Ей отвечали, что генерал сейчас занят, к нему нельзя, но она была очень настойчива и упорна и дождалась все-таки, когда Хрулев спустился со второго этажа, багровый, черноусый, бравый.
— Это ты, стало быть, будешь генерал Хрулев? — обратилась к нему, подойдя, женщина. — Я к тебе, дорогой, поговорить пришла.
Хрулев удивленно поднял брови: давненько уж, лет, пожалуй, около сорока, никто не говорил ему так вот с подходу «ты».
— Гм… я действительно генерал Хрулев, а ты кто же такая? — в тон женщине отозвался он.
— А я зовусь Прасковья, по батюшке Ивановна, а по фамилии Графова, — речисто ответила та. — Прибыла я сюда, значит, в Севастополь, еще в марте месяце с сестрами милосердными из Петербурга, только в общине этой ихней я не состояла и состоять, скажу тебе, дорогой, от чистого сердца, не желаю!
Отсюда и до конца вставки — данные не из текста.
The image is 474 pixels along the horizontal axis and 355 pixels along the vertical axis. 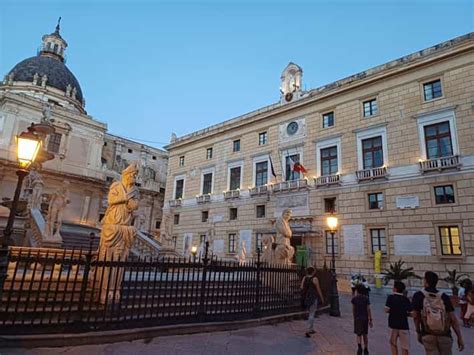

Знаю я, чем они дышат, эти все сестрицы милосердные, также и называемые сердобольные вдовы!
— Ну хорошо, а в чем же дело твое?
— А дело мое такое, родимый… Поместили меня, видишь, в домишке одном с сердобольной вдовицей, а вдовица эта старушонка вре-едная оказалась, злоязычница такая — не приведи бог!.. Я ей слово — она мне десять. Я ей опять же слово — она мне двадцать! А сама же — сморчок, и перхает как овца!.. Какая от нее польза могла быть военным раненым? Ни-ка-кой, уж ты мне поверь!.. А как пошла жаловаться начальству, чью, думаешь, сторону начальство взяло? Ее, этой самой овцы перхучей!.. «Ты, — говорят мне, — зачем ее вещички самовластно выкинула в окошко? Ты должна была заявить по команде!..» Ну, мне, милый, не иначе подошло так — оттудова уходить.